Appearing on MSNBC's Morning Joe today, Gov. Tim Pawlenty (R-Minn.) refused to distance himself from the claim that healthcare reform would lead to "death panels."

Pressed repeatedly by host Joe Scarborough, Pawlenty, a possible 2012 presidential candidate, called death panel concerns "legitimate" and suggested the high cost of care would lead bureaucrats to start deciding who lives and dies.

Here's the exchange. The empasis is mine. (Video of the exchange is below):


SCARBOROUGH: There's nothing in any of these bills that would "pull the plug on granny," is there?

PAWLENTY: ...Here are the facts. You did have in an earlier version of the bill a provision that said the federal government would encourage and incentivize end of life counseling. That concerned people, to have the federal government involved in that. So it's a legitimate question. Even if that is removed, there's concerns that this thing is going to be so expensive they're not going to be able to afford all that's promise, and somebody's going to have to make a decision to cut back, and peple are concerned that if the federal government does that--have them rationing care, that's a real problem. And so those are not irrational concerns based on those facts....

SCARBOROUGH: But but, there are no death panels here, though. Counseling is one thing. Having three people lining up and saying 'granny dies, grandpa lives,' that's quite another. You can't get there from here.

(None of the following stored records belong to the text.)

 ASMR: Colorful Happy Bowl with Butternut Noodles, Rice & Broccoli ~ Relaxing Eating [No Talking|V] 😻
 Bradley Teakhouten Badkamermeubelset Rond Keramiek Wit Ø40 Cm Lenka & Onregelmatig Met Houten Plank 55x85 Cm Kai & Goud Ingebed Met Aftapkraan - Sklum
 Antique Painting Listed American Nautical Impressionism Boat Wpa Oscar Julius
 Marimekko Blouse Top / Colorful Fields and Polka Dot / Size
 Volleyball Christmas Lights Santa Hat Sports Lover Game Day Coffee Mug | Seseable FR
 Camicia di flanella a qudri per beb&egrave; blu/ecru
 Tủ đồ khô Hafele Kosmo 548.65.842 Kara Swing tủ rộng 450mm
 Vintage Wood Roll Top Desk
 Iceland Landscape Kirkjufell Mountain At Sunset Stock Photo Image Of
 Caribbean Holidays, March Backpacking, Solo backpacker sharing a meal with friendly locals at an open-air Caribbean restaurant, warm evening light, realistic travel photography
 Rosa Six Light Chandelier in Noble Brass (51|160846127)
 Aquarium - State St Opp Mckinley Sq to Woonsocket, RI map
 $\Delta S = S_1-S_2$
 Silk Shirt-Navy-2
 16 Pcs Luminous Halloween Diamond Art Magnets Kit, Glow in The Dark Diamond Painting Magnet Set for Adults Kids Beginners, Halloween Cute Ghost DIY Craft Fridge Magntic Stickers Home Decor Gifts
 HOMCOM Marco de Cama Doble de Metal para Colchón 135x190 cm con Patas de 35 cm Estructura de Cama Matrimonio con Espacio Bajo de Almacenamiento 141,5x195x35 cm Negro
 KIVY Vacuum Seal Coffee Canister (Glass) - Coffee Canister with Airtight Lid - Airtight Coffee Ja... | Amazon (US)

PAWLENTY: Well what happens--Joe, what you call it or label it, but I think the facts are these: if you have a system like the United Kingdom where---

SCARBOROUGH: But we don't. We don't governor. With all due respect, this does not give us a system like the United Kingdom. I'm talking specifically about this bill. How does this bill get us to "death panels?" You don't believe it does, do you?

PAWLENTY: Joe what if it becomes so expensive, and the trajectory of it is even close to what's being predicted 10 years out that they can no longer afford what they promised, and somebody has to scale back care, and the government is now empowered to do that.

And if you look at examples around the world where that takes place, there are concerns about care being cut back by a federal government instituation, and we can have a legitimate discussion about whether that's good or not. I don't think it is.

SCARBOROUGH: Governor, what in this bill, though, let's be specific, what in this bill leads us to that position, gives a bureacrat that power 10 years from now....what in this bill could lead someone to rationally believe that a death panel might emerge in a decade. Based on this legislation.

PAWLENTY: Joe there is nothing in the legislation directly that says that. It's the indirect concerns that i'm trying to articulate that I think are at least worth raising.